= Exercise data =
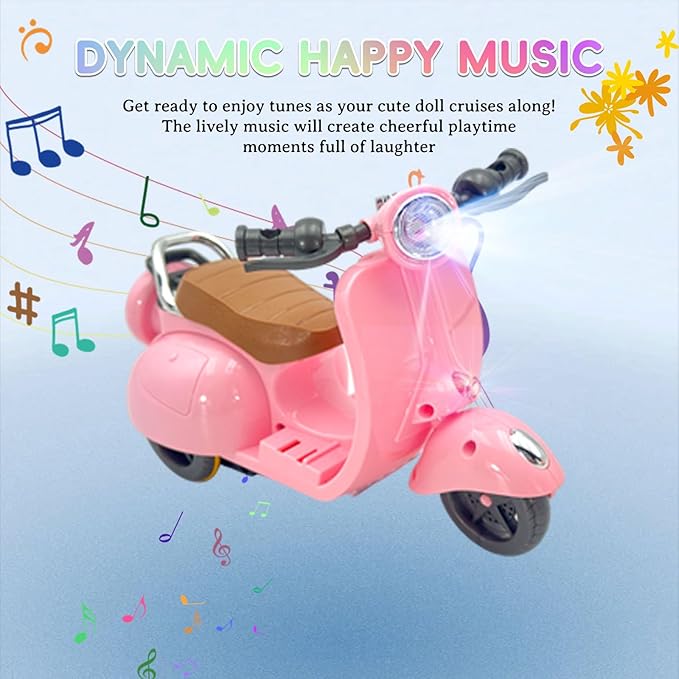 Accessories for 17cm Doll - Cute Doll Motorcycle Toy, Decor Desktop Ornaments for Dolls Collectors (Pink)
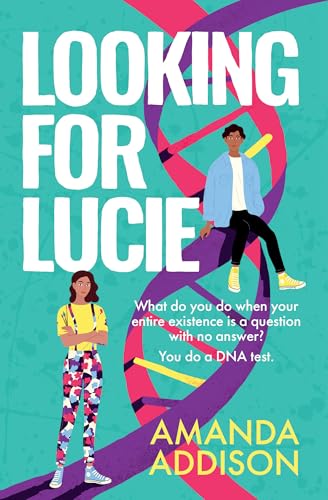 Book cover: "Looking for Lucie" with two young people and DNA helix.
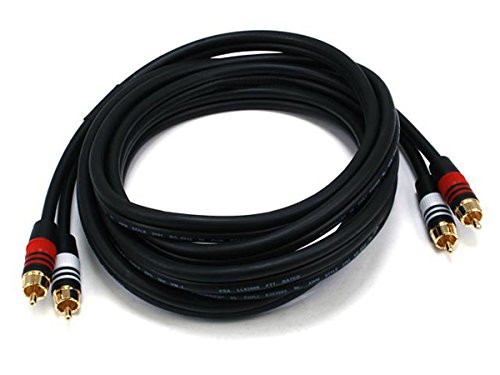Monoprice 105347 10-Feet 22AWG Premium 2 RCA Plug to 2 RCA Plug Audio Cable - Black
---
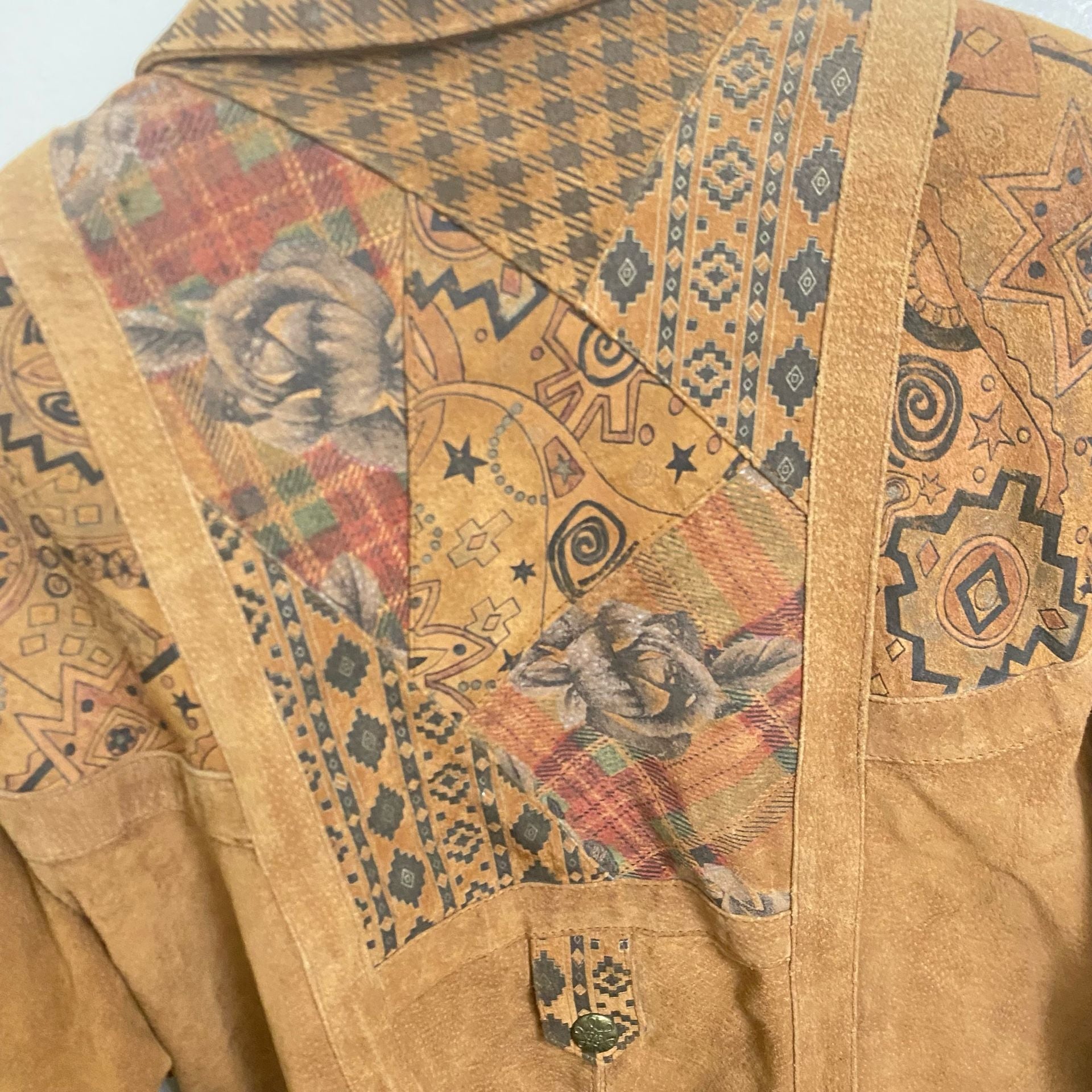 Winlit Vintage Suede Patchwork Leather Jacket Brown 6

= Required action =
Using the data above, transcribe exactly the lines between those containing "Accessories for 17cm" and "Monoprice 105347 10-Feet", inclusive, and leave every picture behind.

= Solution to this exercise =
 Accessories for 17cm Doll - Cute Doll Motorcycle Toy, Decor Desktop Ornaments for Dolls Collectors (Pink)
 Book cover: "Looking for Lucie" with two young people and DNA helix.
Monoprice 105347 10-Feet 22AWG Premium 2 RCA Plug to 2 RCA Plug Audio Cable - Black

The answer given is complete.